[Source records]
* * *

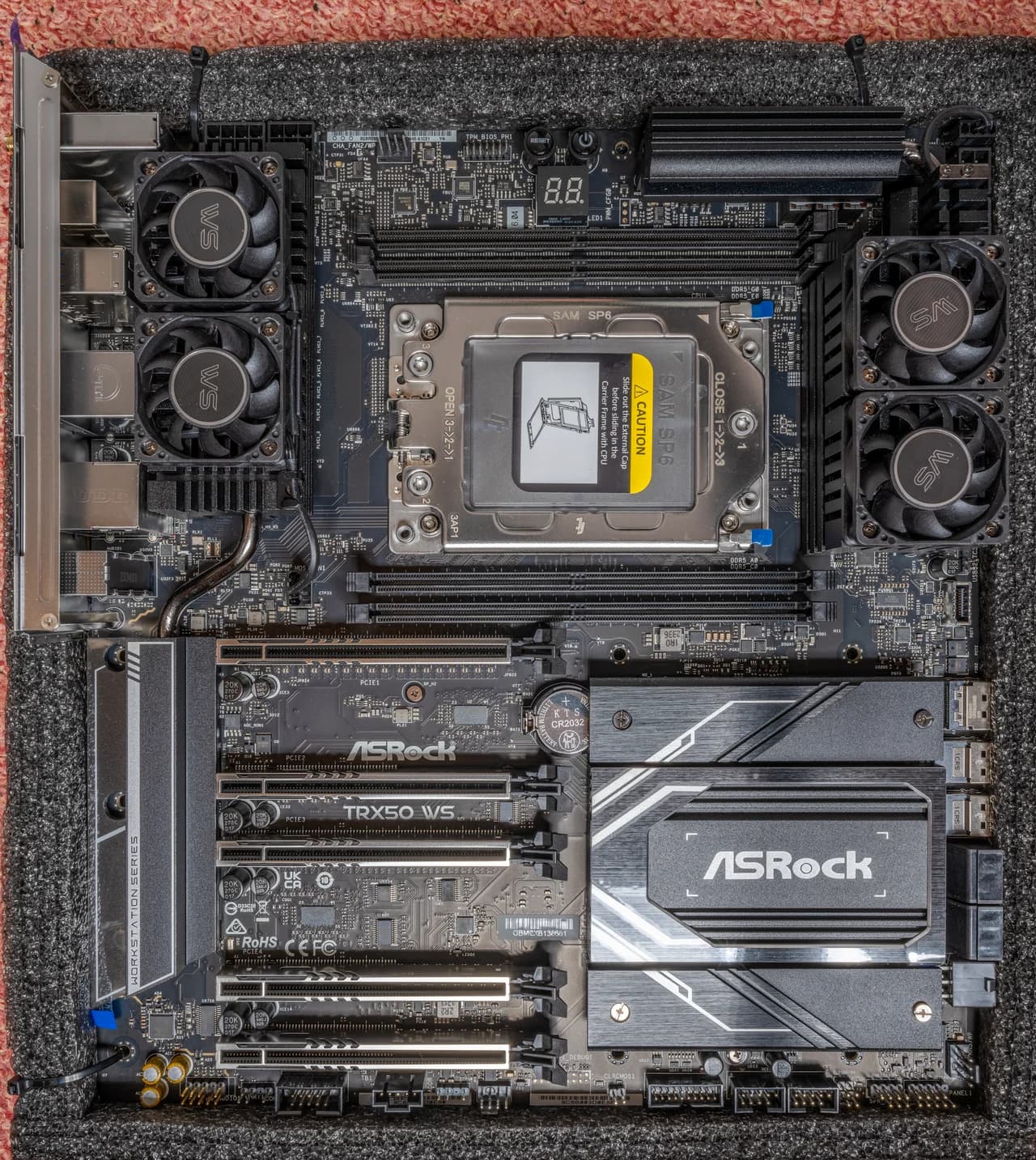 複数のM.2ヒートシンクを備えるATXマザーボード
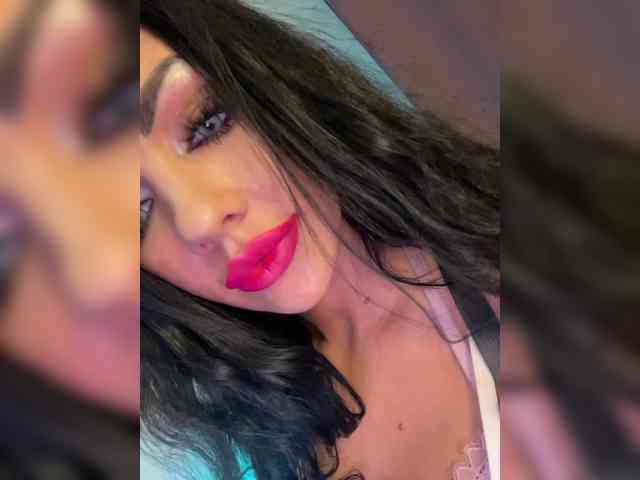 LADYCharmer webcam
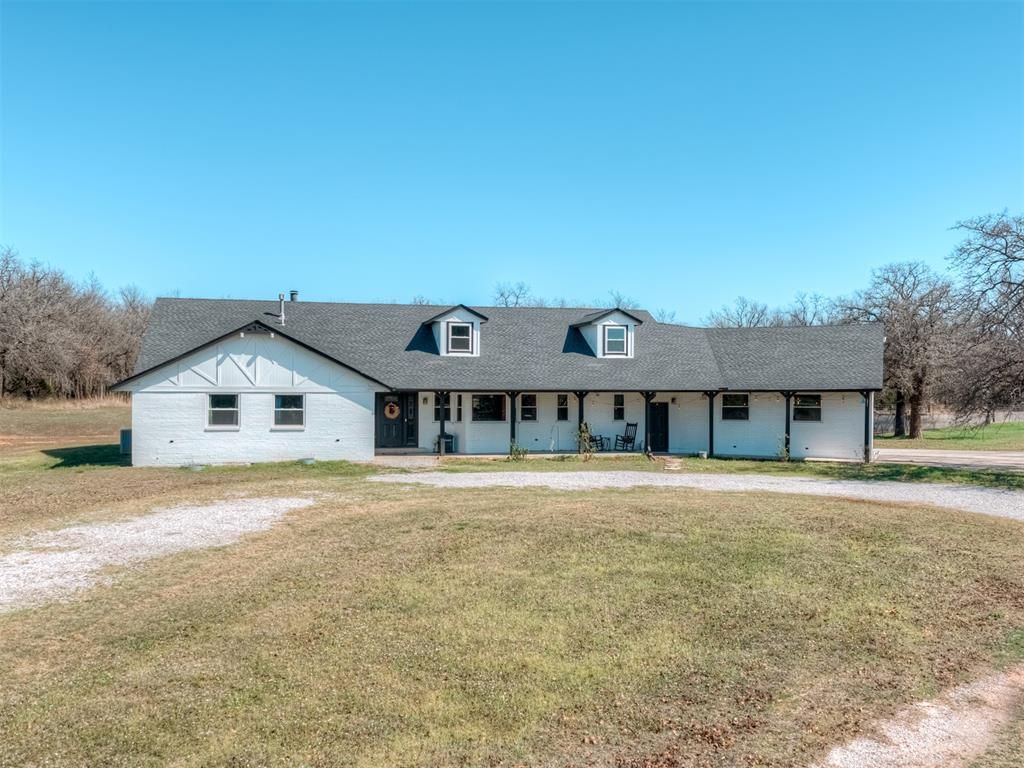 10828 Eastway Street, Mcloud, OK 74851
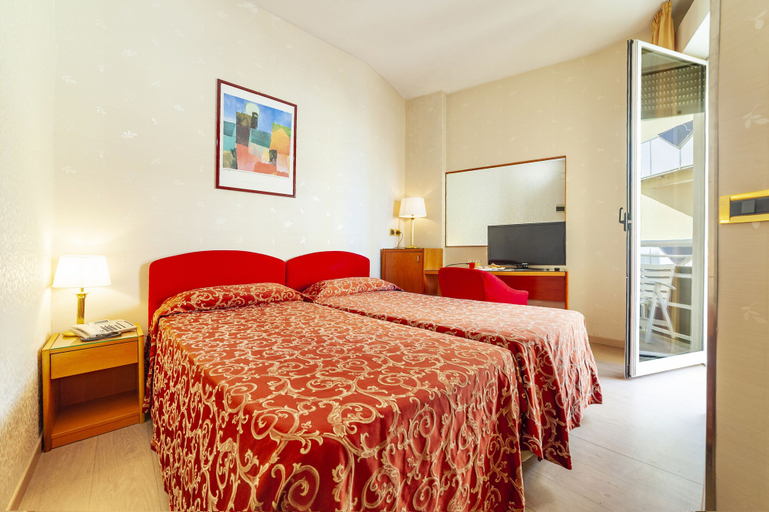 Bedroom 4, Kursaal, Rimini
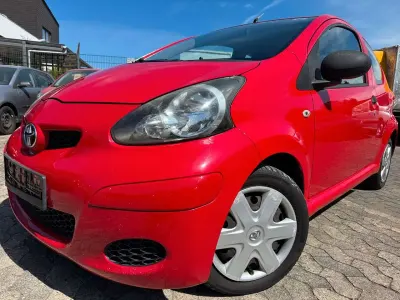 Gebraucht Toyota Aygo 68 PS (50 kW) 2010 Rot Kleinwagen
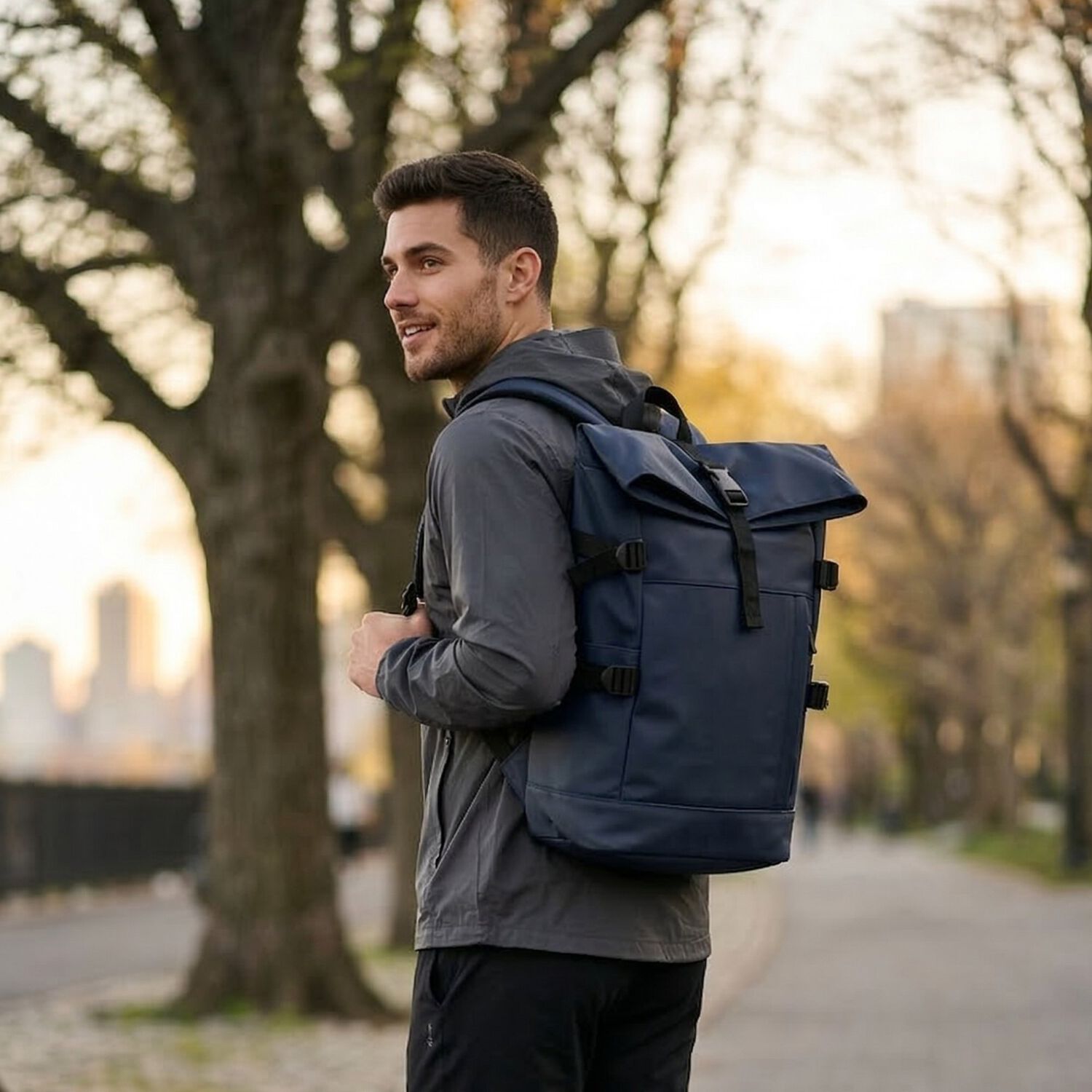 Mochila Urbana Roll Top Impermeable Porta Laptop Apolo image number 2.0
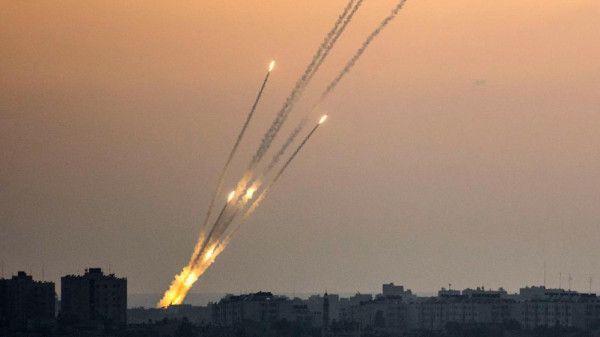 إعلام الاحتلال: رصد إطلاق صاروخين من جنوب قطاع غزة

* * *

Copy all the data exactly as written, but skip any picture.

(RESPONSE AREA)
 複数のM.2ヒートシンクを備えるATXマザーボード
 LADYCharmer webcam
 10828 Eastway Street, Mcloud, OK 74851
 Bedroom 4, Kursaal, Rimini
 Gebraucht Toyota Aygo 68 PS (50 kW) 2010 Rot Kleinwagen
 Mochila Urbana Roll Top Impermeable Porta Laptop Apolo image number 2.0
 إعلام الاحتلال: رصد إطلاق صاروخين من جنوب قطاع غزة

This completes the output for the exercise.